PROBLEM DESCRIPTION
Give back the exact lines of the material below from the one containing "Shining Bloomlets - Golden Ear Jackets" through the one containing "JAGUAR XK8 2001", and no pictures.

DATA TO EXAMINE
■ ■ ■
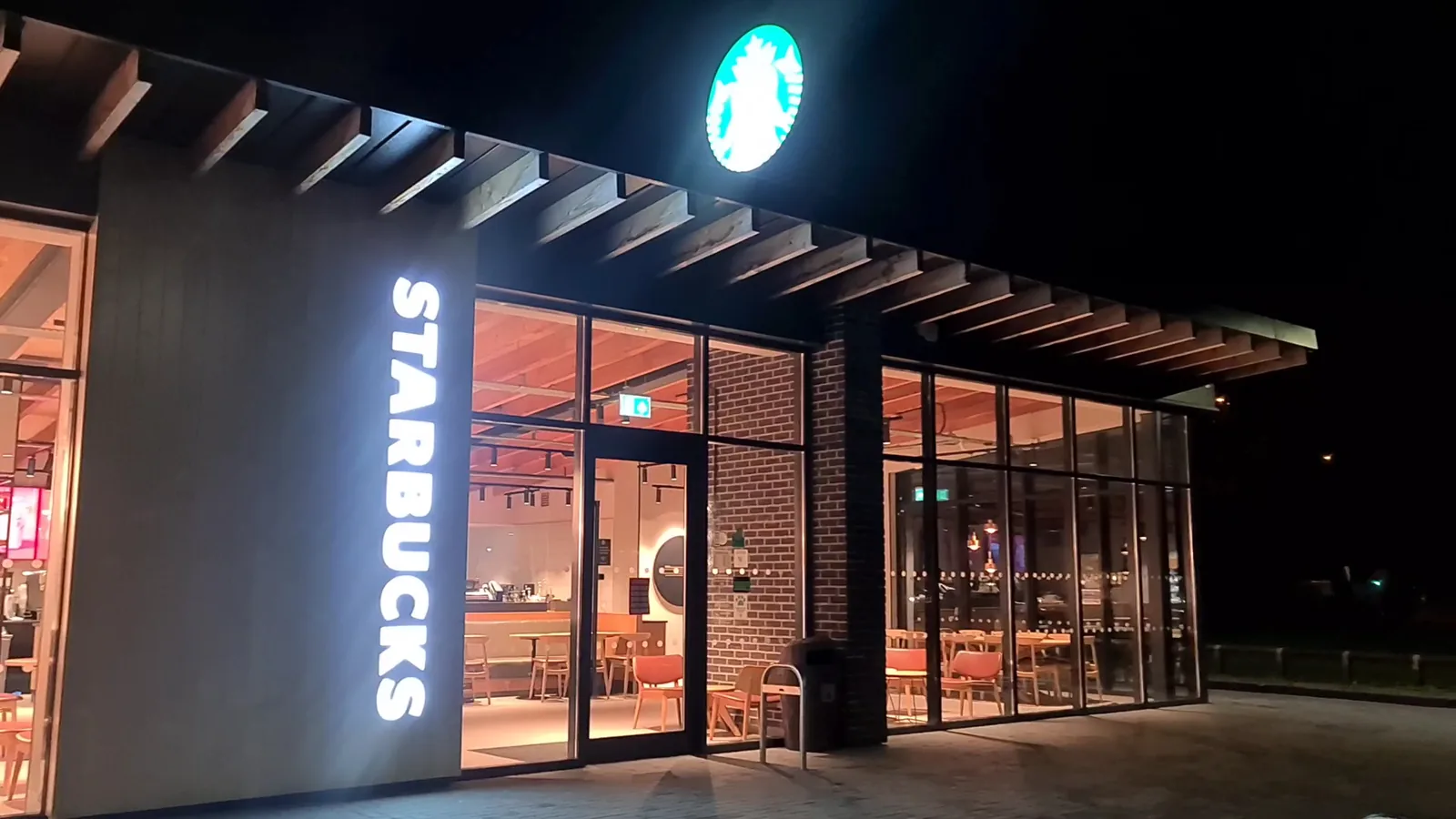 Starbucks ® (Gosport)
■ ■ ■
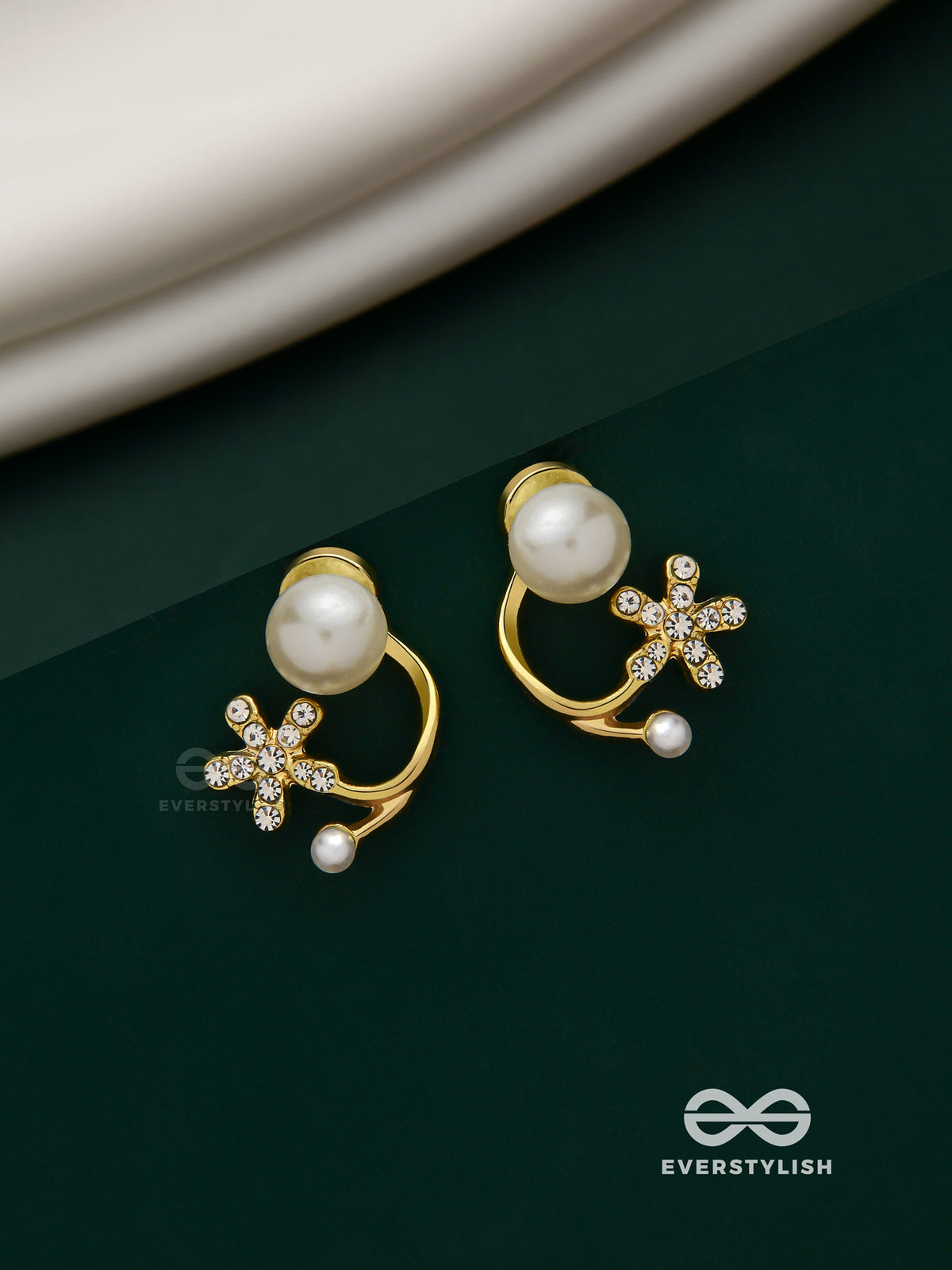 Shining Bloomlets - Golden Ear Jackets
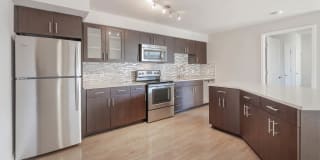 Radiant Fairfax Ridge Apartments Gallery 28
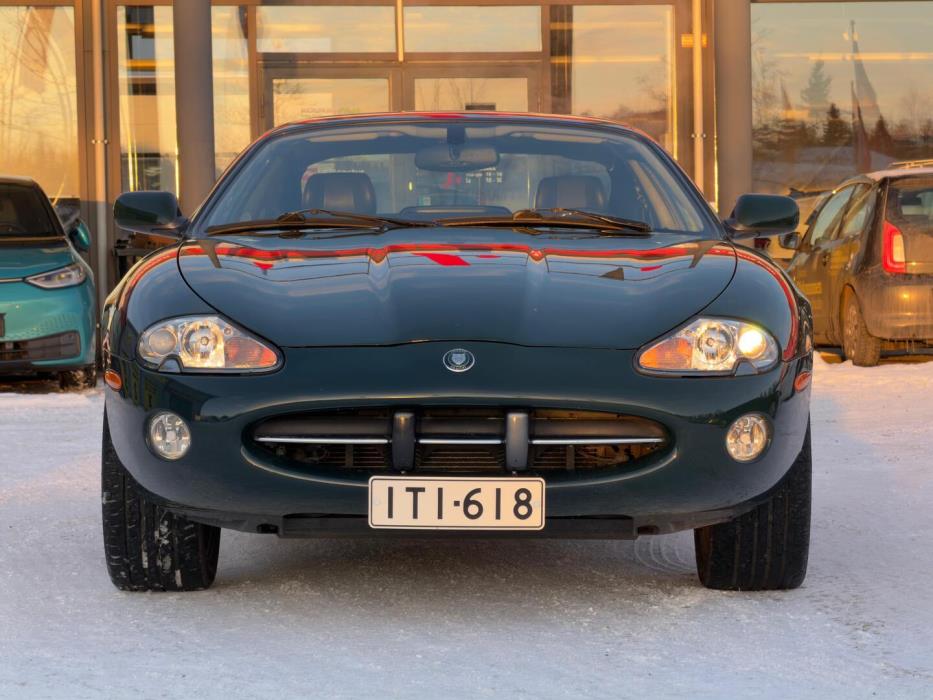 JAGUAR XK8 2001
■ ■ ■
EXERCISE SOLUTION
 Shining Bloomlets - Golden Ear Jackets
 Radiant Fairfax Ridge Apartments Gallery 28
 JAGUAR XK8 2001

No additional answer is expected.